Périple (5)
Samedi 28 septembre 2013 Sainte Énimie – Meyrueis
Après la très sérieuse montée qui permet de quitter le bourg de Sainte Énimie et les gorges du Tarn, le chemin traverse le causse Méjean. Ici, l’expression « désert français » prend tout son sens. D’immenses pelouses, coupées de bois noirs et semées de rochers ne laissent voir que de très rares bâtisses presque toutes abandonnées. Dans les trois hameaux qu’on traverse, quatre maison sur cinq sont fermées. Le ciel est gris de nuages et l’impression d’ensemble plutôt mélancolique. Les dolmens et l’enceinte protohistorique portés sur la carte sont hors de vue, mais rien n’empêche de voir dans certains amoncellements de pierrailles le tumulus funéraire de la prêtresse d’un culte oublié ou du chef de tribus disparues.
Des croix jalonnent le parcours. L’une d’elles, dans le hameau du Buffre, daterait du XII° siècle. Pendant que je suivais une petite route, une voiture s’est arrêtée à ma hauteur. Son conducteur est un bénévole d’une association locale de randonneurs. Il s’inquiète de savoir ce que je pense du balisage. Il est de qualité et je l’en félicite. Nous parlons quelques instants « Ici, me dit-il, en hiver, il y a des congères hautes comme ça ! » et sa main dépasse le toit de sa voiture d’un bon mètre. Devant la croix du Buffre j’y repense, me demandant si, pour les habitants, elle joue le même rôle que le zouave du pont de l’Alma pour les Parisiens : l’état de catastrophe naturelle est-il proclamé lorsque la couche de neige atteint les pieds du Christ naïf dont l’érosion est en train d’effacer les doigts.
Dimanche 29 septembre 2013 Meyrueis - Le col de la Broue (en voiture)
Le col de la Broue – Avèze (à pied)
Aujourd’hui c’est la Saint Michel, jour de foire à Meyrueis. Dans la rue principale de la ville, les forains alignent leurs stands. Sans entrain : il pleut des cordes et les clients restent chez eux. Après les cordes, les hallebardes, elles ne suffisent pas à décourager deux vendeurs occasionnels. Ils ont installé un brasero fait maison avec deux demis bidons industriels. Dessus grillent des saucisses, des merguez et des brochettes d’où une odeur d’oignons grillés qui lutte comme elle peut avec l’humidité ambiante. Le tout est, mal, protégé par une bâche qui, dans des temps très lointains, a sûrement été bleue. Elle est fixée par des ficelles à une armature dans laquelle on retrouve la patte du fabriquant du brasero Voulant faire simple, il a fait cubique, résultat faute de pente l’eau s’accumule dans la bâche. Pour éviter qu’elle ne se déchire, tantôt l’un, tantôt l’autre des deux hommes la soulève à deux mains et une gerbe d’eau tombe, de façon très aléatoire, sur la rue ou sur le trottoir. Au moment où je passe, le plus grand des deux s’apprête à opérer, je presse le pas et j’échappe à la douche. Un roquet, qui errait en quête de rogatons, n’a pas cette chance. Toute l’eau de la bâche lui dégringole sur l’échine. Il lâche un jappement indigné et s’enfuit pendant que les deux comparses éclatent d’un rire que je n’ai pas honte de partager.

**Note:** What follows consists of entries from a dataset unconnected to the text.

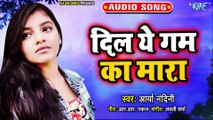 Dil Ye Gum Ka Mara Hai - Judai - Arya Nandini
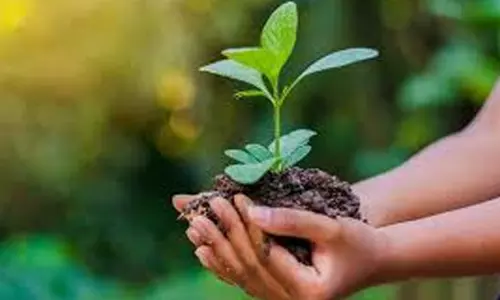 ക്യൂ​ഗെ​റ്റ് ഖ​ത്ത​ർ പ​രി​സ്ഥി​തി ദി​നാ​ച​ര​ണം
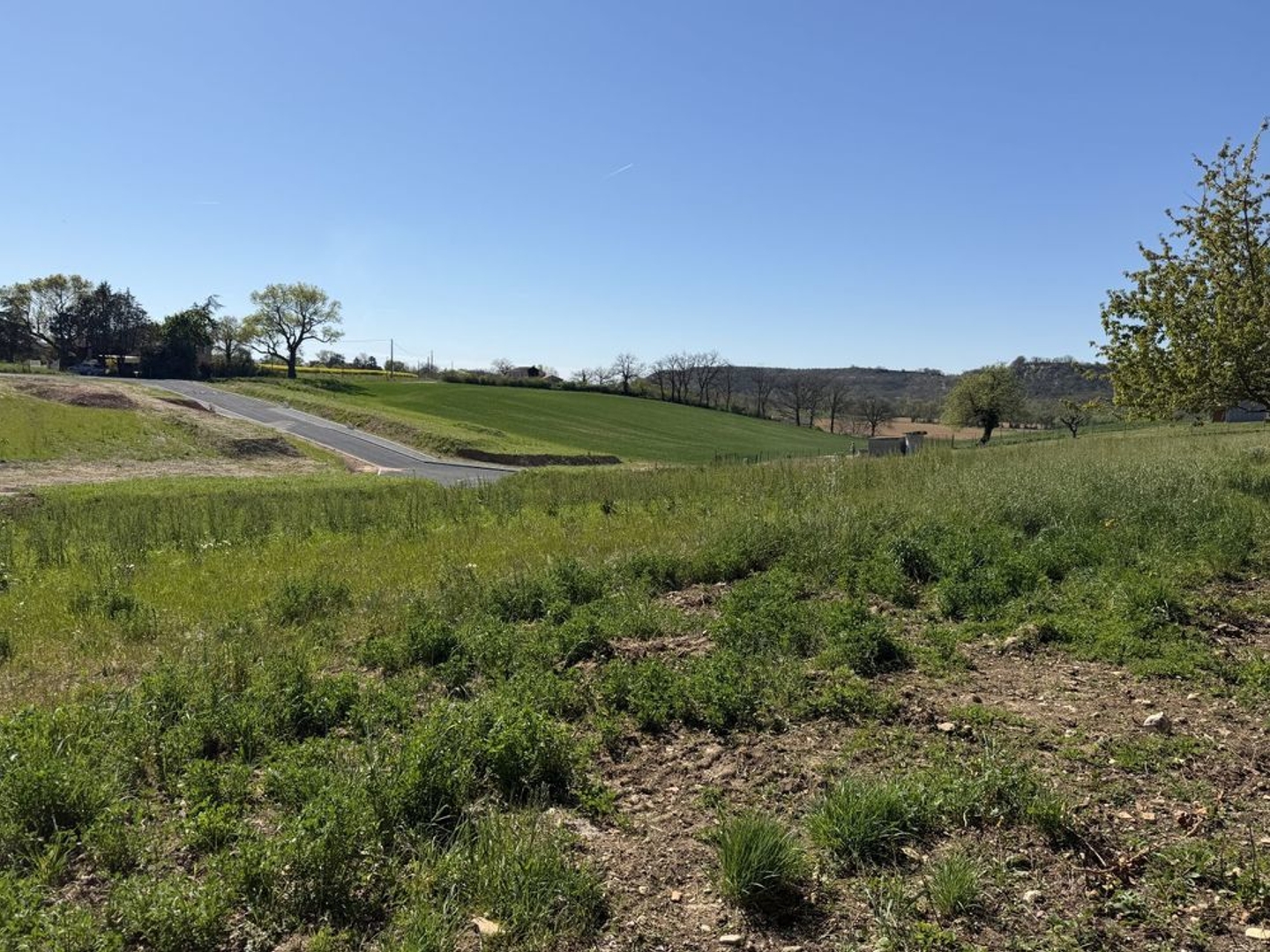 Terrain à vendre - 1075m2 - Montdragon (81440)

Dans la descente qui mène au Vigan, je croise mon premier olivier. Rescapé d’une oliveraie abandonnée, il lutte courageusement contre les ronces et les sauvageons qui ont envahi son bancel. Ses branches sont couvertes d’olives. Personne ne les cueillera, mais ce n’est pas très grave. Tel que le voilà, cet arbre est une leçon d’espérance.